It came down to Duke, Syracuse and Colgate, and on Nov. 17, 1993, the Hamilton High auditorium was filled with townspeople and members of the news media, all anxious about hearing Foyle's choice. "I've made my decision," he said. "I'm going back to the Caribbean."
After some nervous laughter, Foyle said he was going to Colgate because of the academic environment, and he wasn't joking. "It also made sense from a basketball standpoint," says Jay Mandle. "Jack Bruen is a great teacher, and Adonal gets to learn in a fairly low-pressure environment against some pretty good competition."
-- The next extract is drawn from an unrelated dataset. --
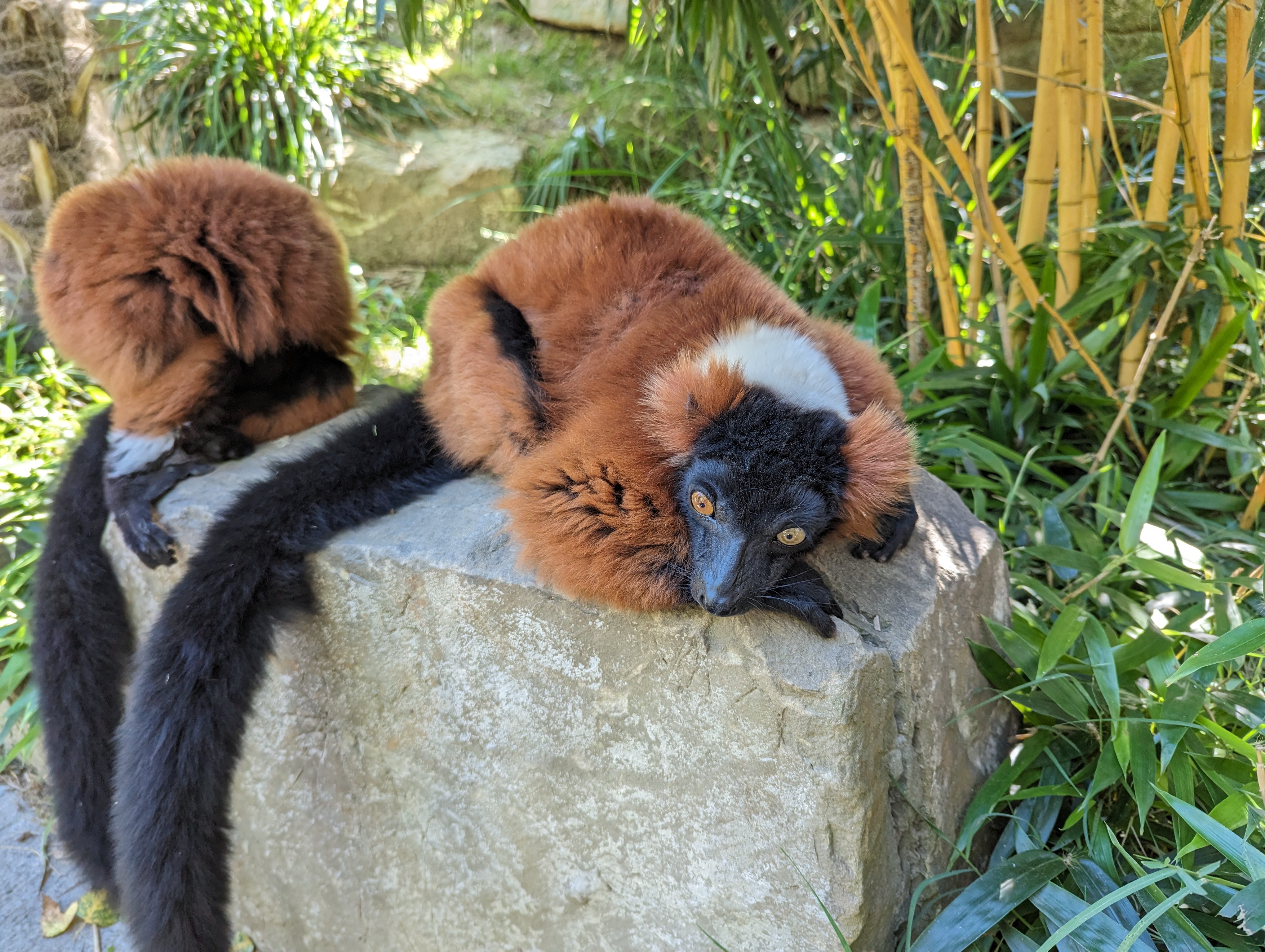 Photo n° 43 de l'avis de Thibaud.l fait le 10/10/2023 à 07:10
Bruen, who had already transformed the Colgate program from disastrous to respectable, was ecstatic, of course. "Next to the days my two children were born, this is the best day of my life," he said. The coaching staff of the Colgate women's basketball team sent Bruen champagne with which to celebrate.
The next day, papers in central New York and North Carolina carried either SYRACUSE FOYLED or DUKE FOYLED headlines. But the best reaction came from Kevin Joyce, a Hamilton High teammate of Foyle's. "It takes a big man to make a decision like that," he told Foyle.
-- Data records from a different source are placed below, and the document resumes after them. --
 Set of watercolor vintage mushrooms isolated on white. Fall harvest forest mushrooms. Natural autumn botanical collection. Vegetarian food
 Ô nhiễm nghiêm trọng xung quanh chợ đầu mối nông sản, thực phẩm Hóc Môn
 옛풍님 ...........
Since Foyle's life is playing out like a movie, let's cut to the Colgate campus one year later and an acting class conducted by professor Katherine Liepe-Levinson. Two of her students are on a makeshift stage, acting out a scene from The Sign in Sidney Brustein's Window, a play about a young Jewish couple written by African-American playwright Lorraine Hansberry. When the scene is finished, the professor asks the class what the scene was about, and the 6'10" student in the back raises his hand.
"It's about choice," says Foyle. "It's about the conflict between the guy, who wants to live in the country, and the girl, who wants to live in the city."
After class Liepe-Levinson says, "Adonal has been a wonderful student, He's quite willing to step outside himself and project another character. He's goal-oriented, which you would expect from a basketball player, but he also shows a sensitivity you might not expect."
"I love acting," says Foyle, "and the feeling of freedom you get every time you assume a role. I also think it helps my basketball. In acting we are taught to show pain and anguish even though we feel no pain. It's the same as taking a charge."
Besides acting and general education, Foyle took economics and astronomy in the fall semester. He lives in a dorm, in a single so as not to make any of the 250 freshmen who wanted to room with him envious, and he is doing just fine socially, academically and athletically. The Mandles still keep close tabs on him, and some people might think they're overprotective. But they have invested a lot in Adonal, emotionally, financially and otherwise. At least they can laugh about it. The other day, when Joan complained that a liver test given to Adonal cost $800, Jay said, "Well, he's got a big liver."
Some things you can't put a price on. Whenever Adonal calls Joan "Mom" or Jay "Dad" or Jon "Bro," there is no hint of self-consciousness in his voice. Foyle may be a culture apart from the Mandles, but their closeness seems perfectly natural.